Help? >K12<
On a math test, Amy was asked to find the point(s) where the equations y = x2 + 3x – 5 & y = 4x + 1 intersect. Amy’s solution is shown below.
Amy’s solution: y = x2 + 3x – 5 y = 4x + 1 x2 + 3x – 5 = 4x + 1 x2 – x – 6 = 0 (x – 3) (x + 2) = 0 x = 3 or x = -2 The graphs intersect at (-2, 0) and (3, 0)
a) Is Amy’s solution correct? Explain why or why not.
b) If Amy’s solution is incorrect, show the correct work for this problem. Answer:

The correct answer is a) Amy's solutions are correct.

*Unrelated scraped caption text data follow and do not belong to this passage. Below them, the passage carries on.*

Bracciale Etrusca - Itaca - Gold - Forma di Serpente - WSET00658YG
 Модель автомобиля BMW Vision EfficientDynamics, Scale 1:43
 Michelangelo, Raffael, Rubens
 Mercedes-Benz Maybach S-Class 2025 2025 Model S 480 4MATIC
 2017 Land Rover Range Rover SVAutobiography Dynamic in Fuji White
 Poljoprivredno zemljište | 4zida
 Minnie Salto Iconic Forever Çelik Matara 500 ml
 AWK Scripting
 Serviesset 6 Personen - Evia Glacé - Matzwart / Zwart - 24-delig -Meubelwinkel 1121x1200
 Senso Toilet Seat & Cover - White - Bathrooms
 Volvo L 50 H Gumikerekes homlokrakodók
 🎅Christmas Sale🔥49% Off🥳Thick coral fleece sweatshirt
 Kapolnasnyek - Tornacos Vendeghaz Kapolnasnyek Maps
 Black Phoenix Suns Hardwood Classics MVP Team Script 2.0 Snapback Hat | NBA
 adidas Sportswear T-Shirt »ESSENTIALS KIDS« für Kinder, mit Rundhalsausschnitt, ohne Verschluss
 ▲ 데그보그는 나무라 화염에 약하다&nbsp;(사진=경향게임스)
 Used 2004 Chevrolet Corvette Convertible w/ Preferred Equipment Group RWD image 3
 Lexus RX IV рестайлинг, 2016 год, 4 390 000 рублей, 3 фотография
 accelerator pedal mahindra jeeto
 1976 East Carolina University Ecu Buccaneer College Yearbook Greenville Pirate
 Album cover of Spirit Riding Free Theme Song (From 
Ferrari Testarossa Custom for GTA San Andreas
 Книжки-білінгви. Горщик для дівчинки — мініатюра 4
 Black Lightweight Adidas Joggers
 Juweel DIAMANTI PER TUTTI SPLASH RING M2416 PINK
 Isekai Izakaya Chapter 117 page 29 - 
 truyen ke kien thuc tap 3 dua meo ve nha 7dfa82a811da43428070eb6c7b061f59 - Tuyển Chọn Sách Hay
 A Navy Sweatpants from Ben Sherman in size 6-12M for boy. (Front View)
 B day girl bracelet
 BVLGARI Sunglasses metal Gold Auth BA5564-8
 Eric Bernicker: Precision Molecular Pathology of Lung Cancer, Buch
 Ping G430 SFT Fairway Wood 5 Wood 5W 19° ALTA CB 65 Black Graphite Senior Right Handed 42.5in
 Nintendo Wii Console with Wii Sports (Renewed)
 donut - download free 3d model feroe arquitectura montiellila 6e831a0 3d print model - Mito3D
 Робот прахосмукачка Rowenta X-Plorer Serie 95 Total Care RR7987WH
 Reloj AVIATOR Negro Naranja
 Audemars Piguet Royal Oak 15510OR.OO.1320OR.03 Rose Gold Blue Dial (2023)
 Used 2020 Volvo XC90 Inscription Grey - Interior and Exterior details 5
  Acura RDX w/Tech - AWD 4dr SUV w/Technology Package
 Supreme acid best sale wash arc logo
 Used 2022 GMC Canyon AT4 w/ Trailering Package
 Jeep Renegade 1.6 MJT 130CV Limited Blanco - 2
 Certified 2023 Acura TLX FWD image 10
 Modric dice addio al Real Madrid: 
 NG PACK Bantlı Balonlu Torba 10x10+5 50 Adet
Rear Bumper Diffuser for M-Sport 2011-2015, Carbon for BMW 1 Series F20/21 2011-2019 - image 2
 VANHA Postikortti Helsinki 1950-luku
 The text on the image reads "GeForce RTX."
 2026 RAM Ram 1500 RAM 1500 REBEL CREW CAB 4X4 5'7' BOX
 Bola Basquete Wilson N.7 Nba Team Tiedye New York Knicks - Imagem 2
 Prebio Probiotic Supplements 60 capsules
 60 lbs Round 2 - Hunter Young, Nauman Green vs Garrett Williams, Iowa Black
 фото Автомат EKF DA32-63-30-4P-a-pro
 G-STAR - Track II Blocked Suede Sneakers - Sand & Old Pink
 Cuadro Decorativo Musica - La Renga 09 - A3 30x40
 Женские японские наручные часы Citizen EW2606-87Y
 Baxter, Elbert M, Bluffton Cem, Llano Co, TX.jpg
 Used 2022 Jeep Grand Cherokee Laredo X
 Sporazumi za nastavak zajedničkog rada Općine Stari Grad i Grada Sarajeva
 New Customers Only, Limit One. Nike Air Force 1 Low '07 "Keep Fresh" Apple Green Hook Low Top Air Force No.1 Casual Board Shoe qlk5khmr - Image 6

Since she wanted the intersection point of the equations, she had to set them equal. Once she did she had

x²+3x-5=4x+1

Gathering the variables on one side of the equation, she subtracted 4x from each side:
x²+3x-5-4x=4x+1-4x
x²-x-5=1

Quadratics should be equal to 0 when we solve them, so she subtracted 1 from each side:
x²-x-5-1=1-1
x²-x-6=0

She then factored her expression; factors of -6 that sum to -1 are -3 and 2:
(x-3)(x+2)=0

Using the zero product property we know that either x-3=0 or x+2=0; therefore x=3 or x=-2.